──────── Provided data ────────

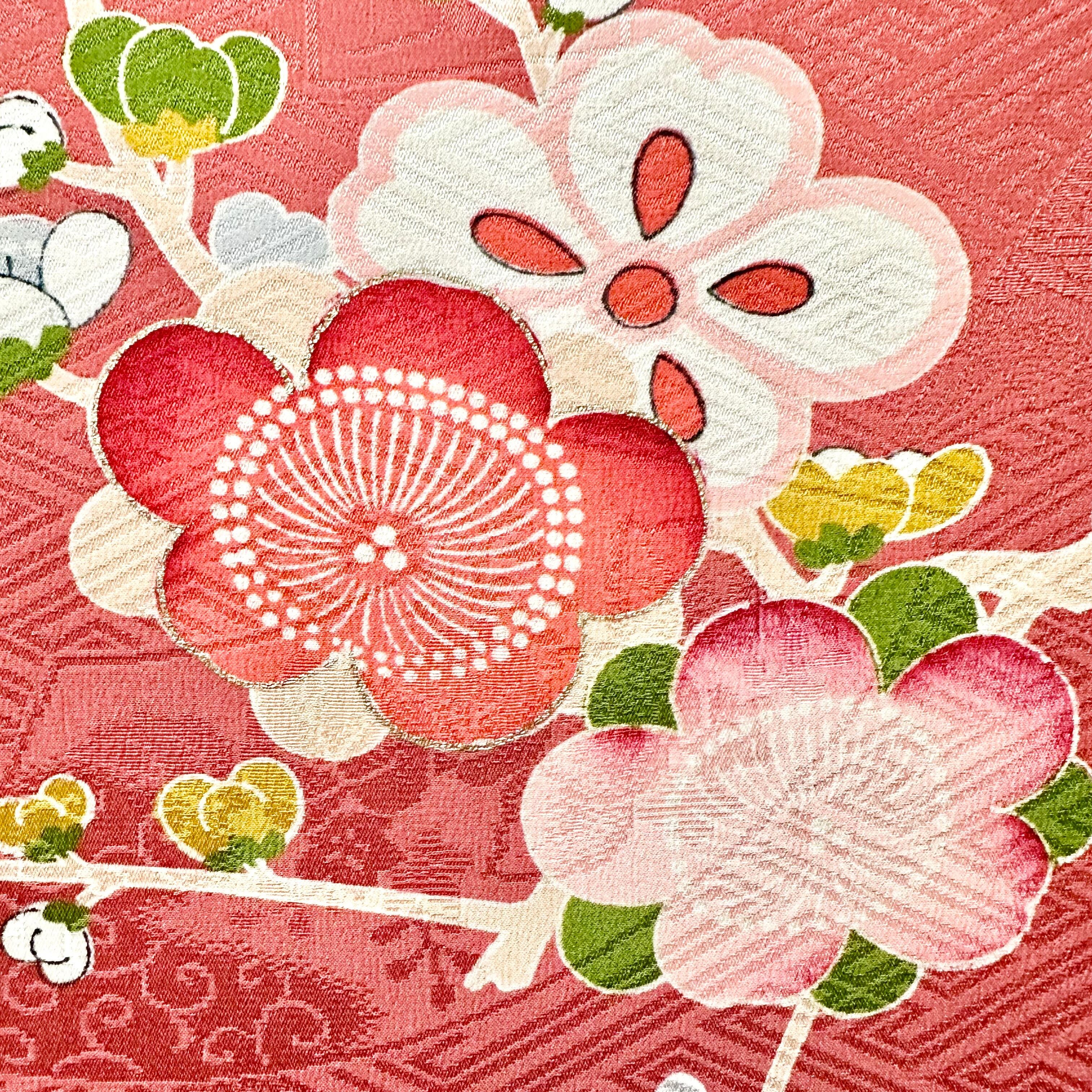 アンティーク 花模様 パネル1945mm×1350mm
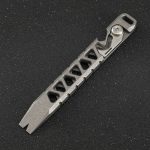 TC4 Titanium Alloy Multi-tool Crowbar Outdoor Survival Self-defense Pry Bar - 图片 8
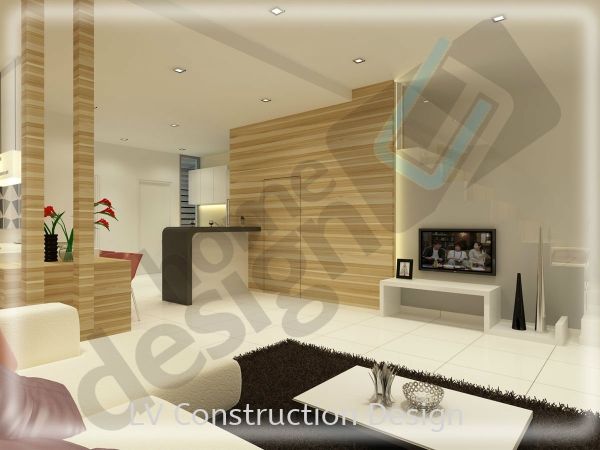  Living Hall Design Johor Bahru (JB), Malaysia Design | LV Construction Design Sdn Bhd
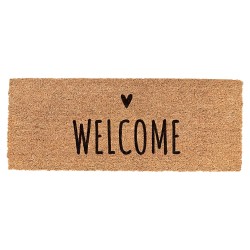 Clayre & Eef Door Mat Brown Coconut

────────
──────── Provided data ────────

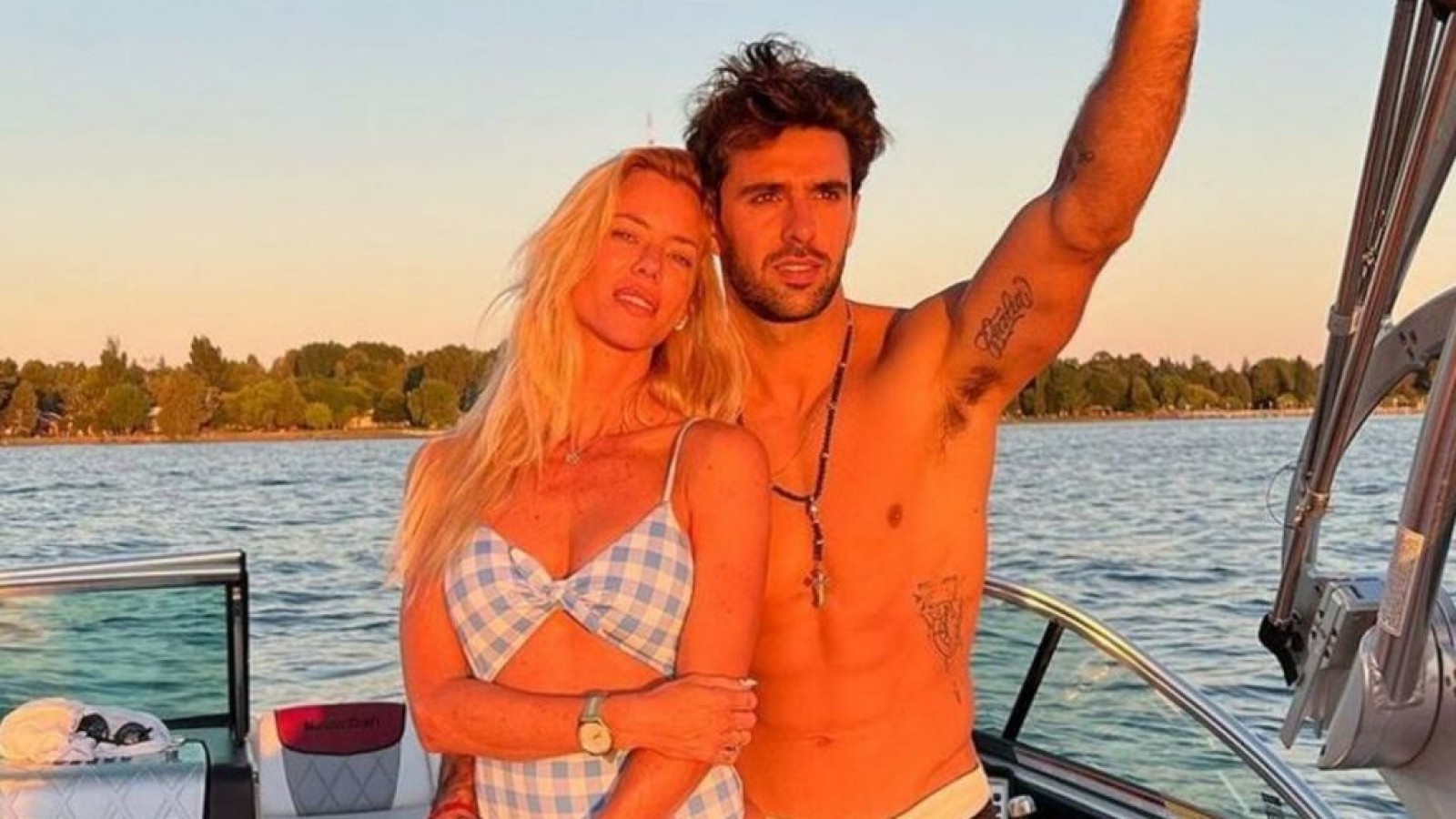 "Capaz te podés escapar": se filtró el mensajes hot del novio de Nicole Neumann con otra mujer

────────

What is being asked:
Everything from the line with "TC4 Titanium Alloy" down to the line with "Clayre & Eef Door Mat Brown Coconut" in the data above should be copied exactly, with both end lines kept and the pictures left out.

Answer area:
 TC4 Titanium Alloy Multi-tool Crowbar Outdoor Survival Self-defense Pry Bar - 图片 8
  Living Hall Design Johor Bahru (JB), Malaysia Design | LV Construction Design Sdn Bhd
 Clayre & Eef Door Mat Brown Coconut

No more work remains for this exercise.